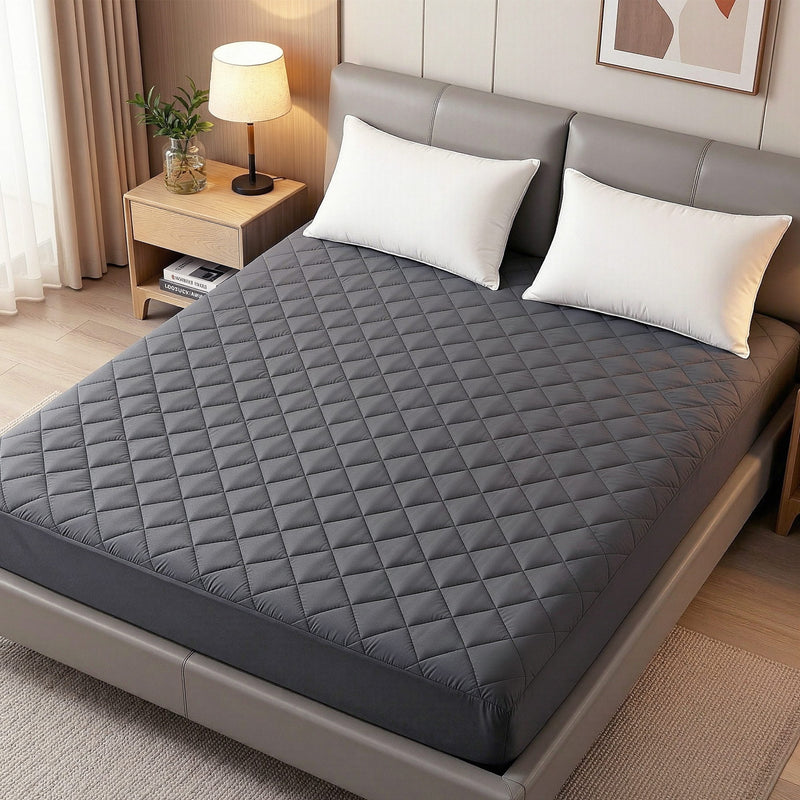 Water-Resistant Mattress Protector Microfiber 360° Fit King on gray bed with white pillows in modern bedroom setting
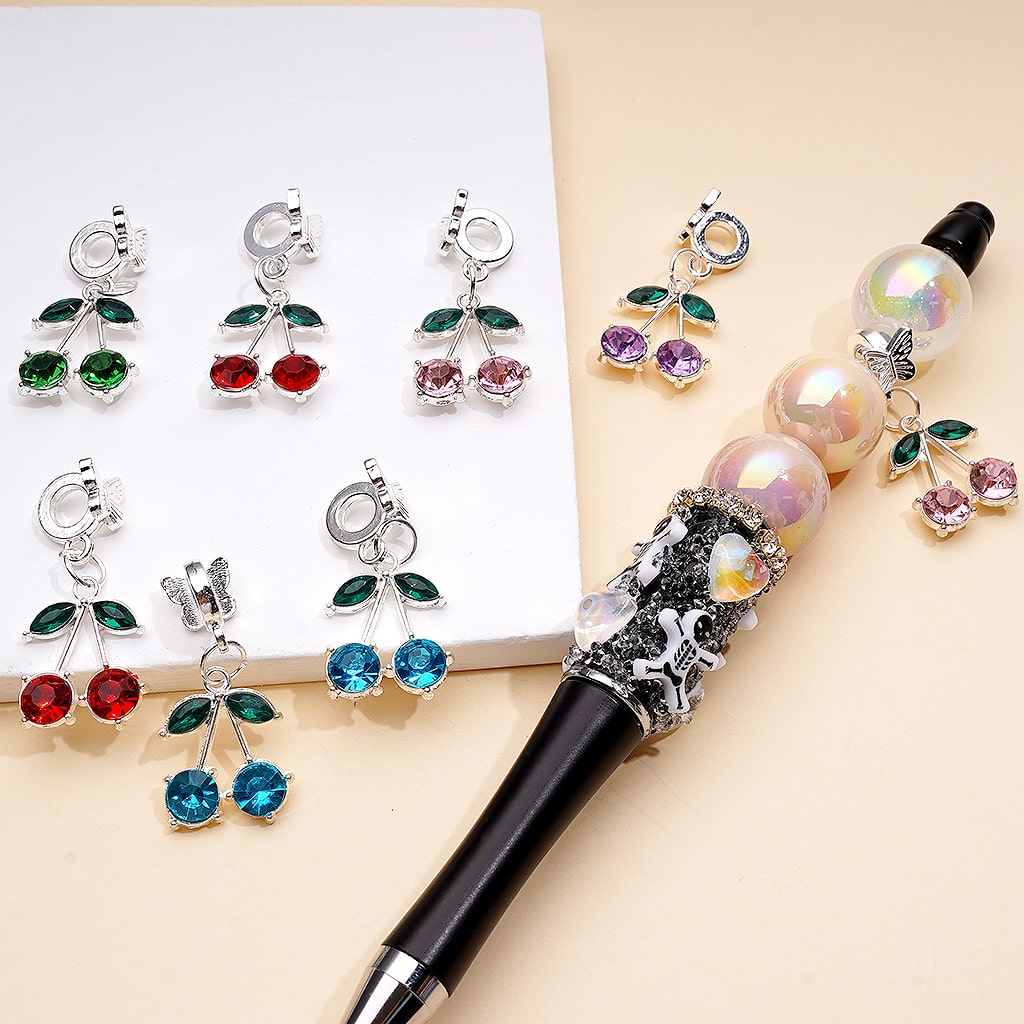 Decorative pen with gemstone-encrusted cherry pendants on a beige background

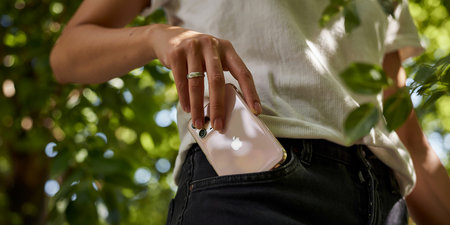 Close up of woman holding handbag in the park. Selective focus.の素材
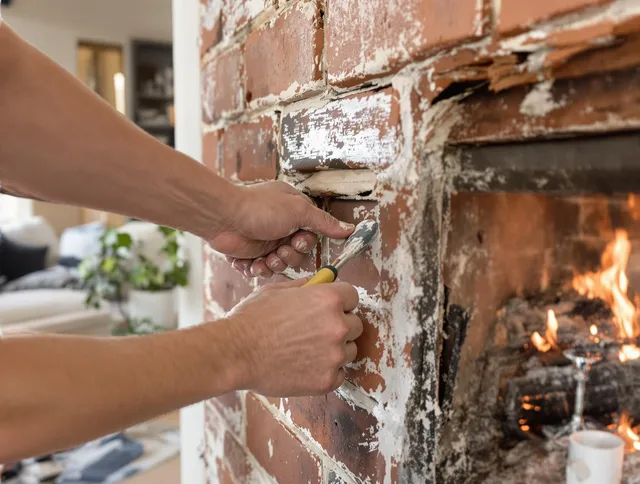 Routine fireplace repair by Green Chimney Sweep in Green, OH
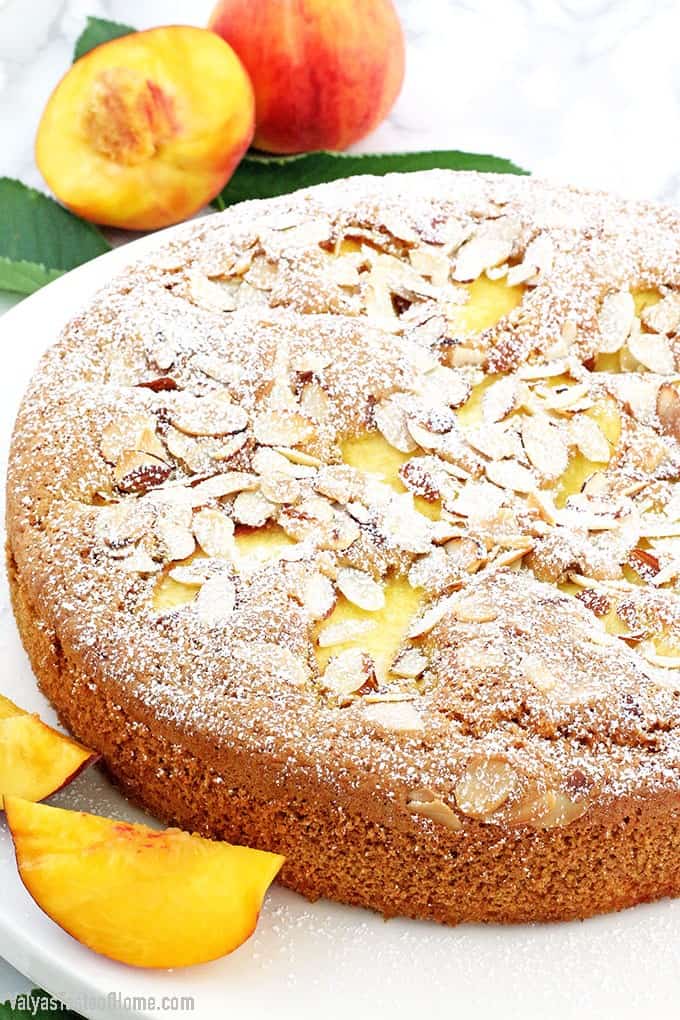 Who can resist a slice of this absolutely scrumptious Almond Peach Coffee Cake? It's light, fluffy, airy, moist, and loaded with peaches. The aroma of almond extract is phenomenal! Then topped and toasted almond slivers, making this cake not only beautiful but gives it a boost in taste as well. Every bite just melts in your mouth.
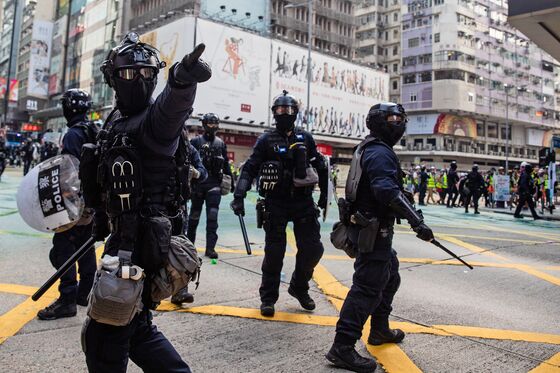 Hong Kong Policeman Who Fired His Gun Now Faces Death Threats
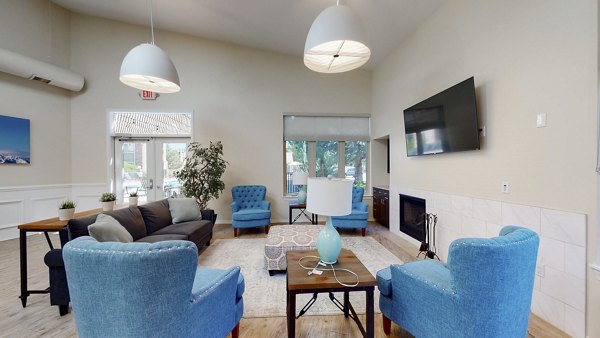 Modern clubhouse at Glen at the Park Apartments with luxury seating and decor, ideal for social gatherings and community events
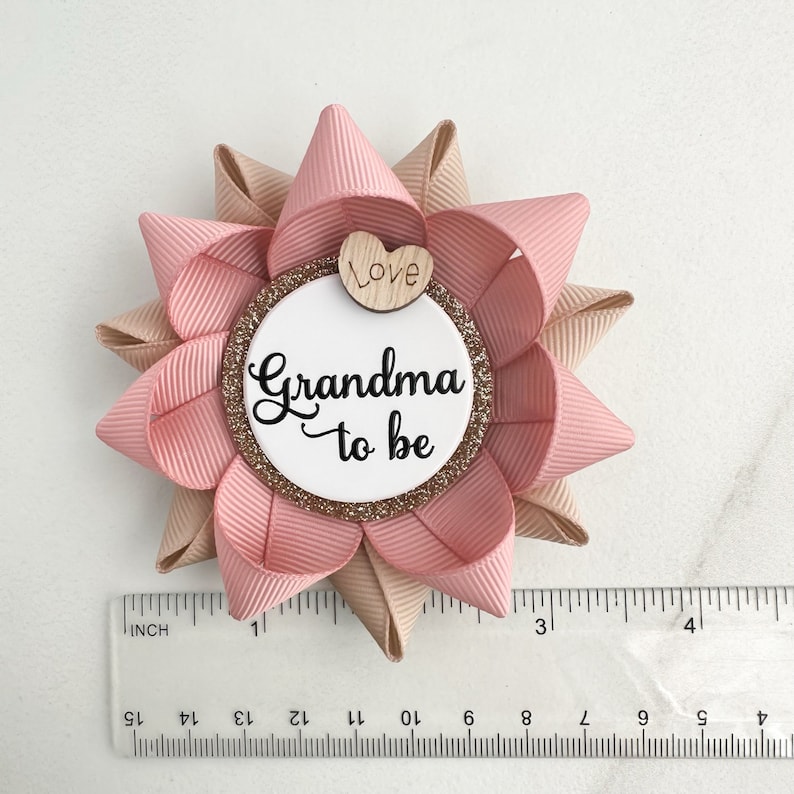 May include: A pink and beige bow with a white circle that says "Grandma to be" and a small wooden heart that says "Love".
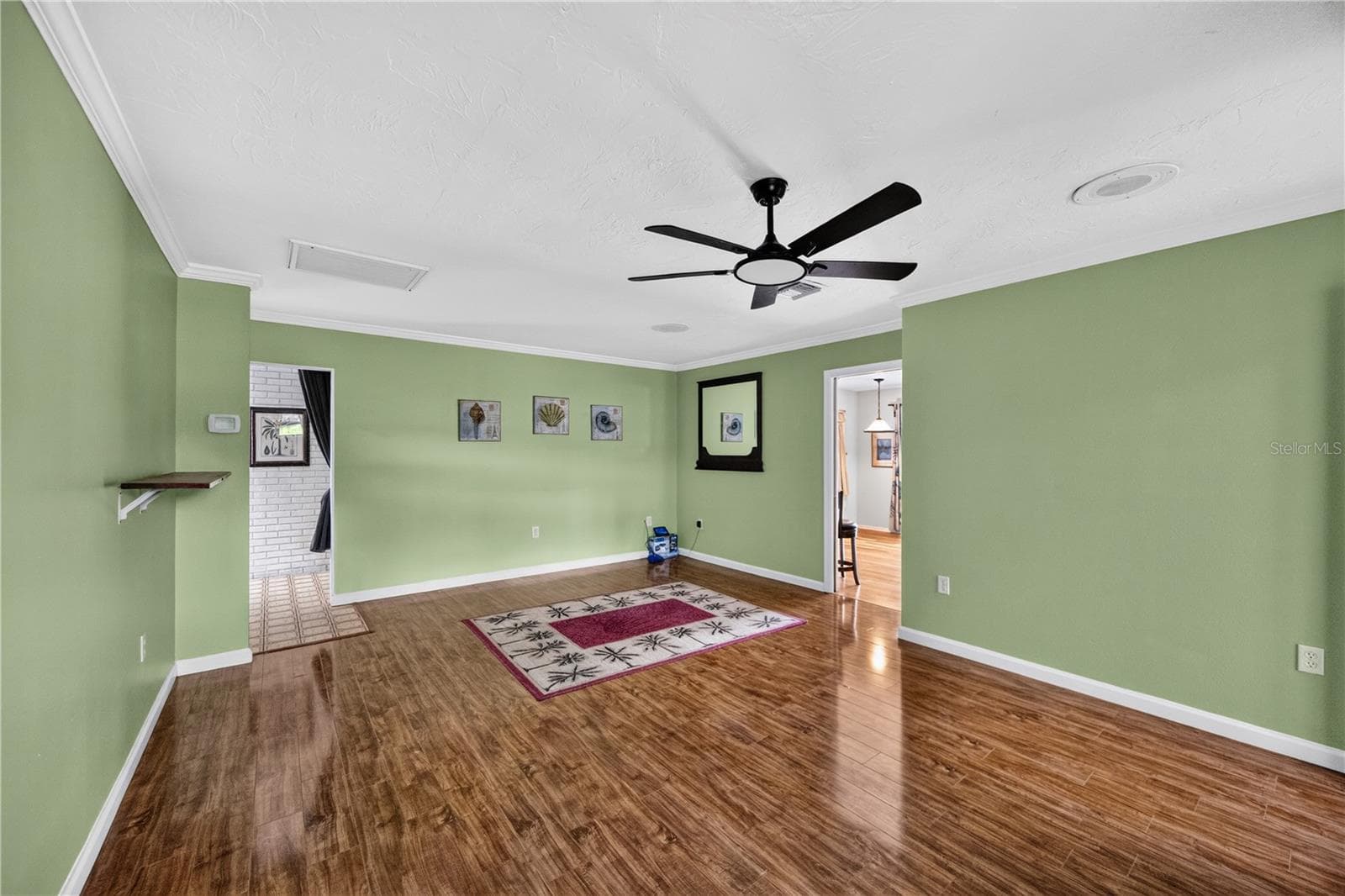 Formal dining room with access to the kitchen. - 1305 GREENFIELD CIR, VENICE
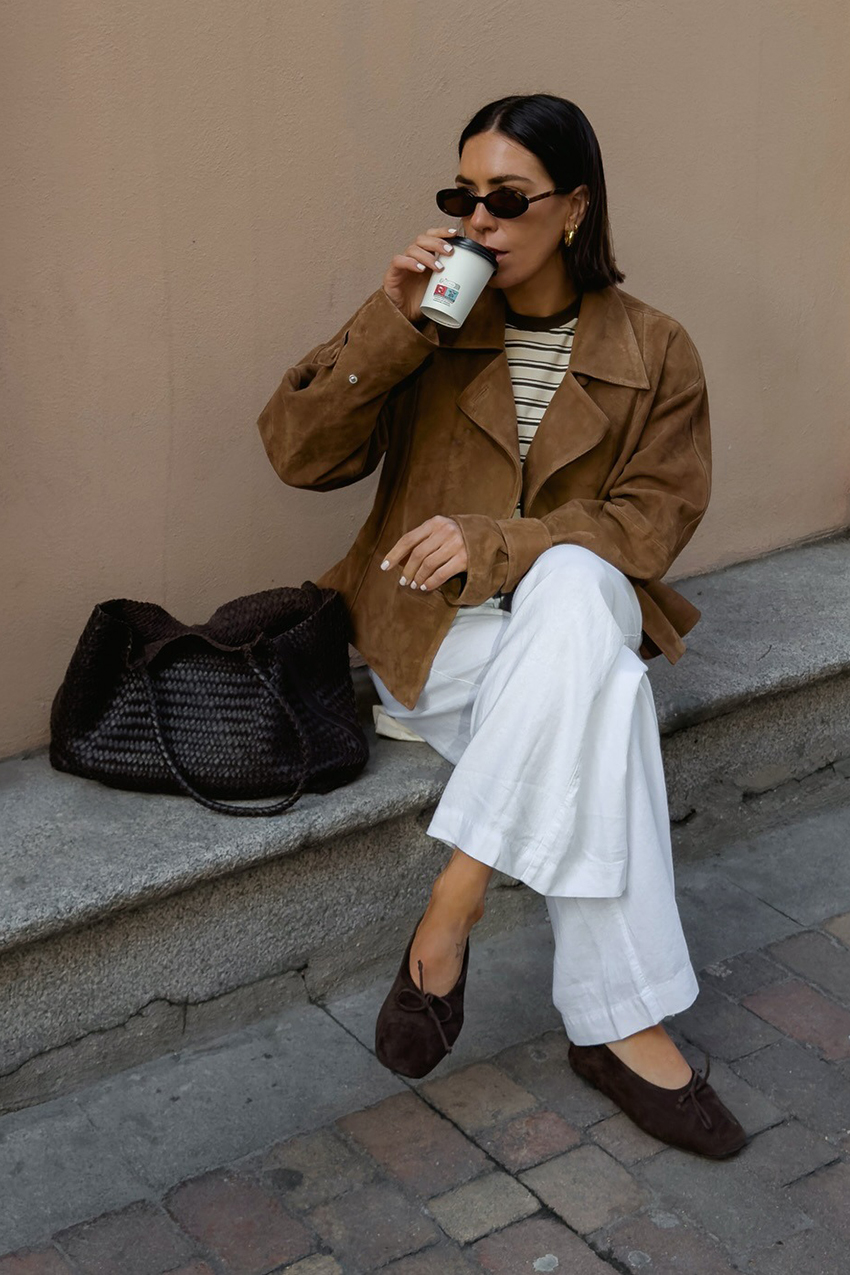 a woman wearing a tan suede jacket, white pants, brown flats, and woven brown leather bag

---*---

▶ [Task to complete]
Exactly as written, set down the lines from the line holding "Modern clubhouse at" to the last line of the data, both ends included, pictures excluded.

▶ [Exercise result]
 Modern clubhouse at Glen at the Park Apartments with luxury seating and decor, ideal for social gatherings and community events
 May include: A pink and beige bow with a white circle that says "Grandma to be" and a small wooden heart that says "Love".
 Formal dining room with access to the kitchen. - 1305 GREENFIELD CIR, VENICE
 a woman wearing a tan suede jacket, white pants, brown flats, and woven brown leather bag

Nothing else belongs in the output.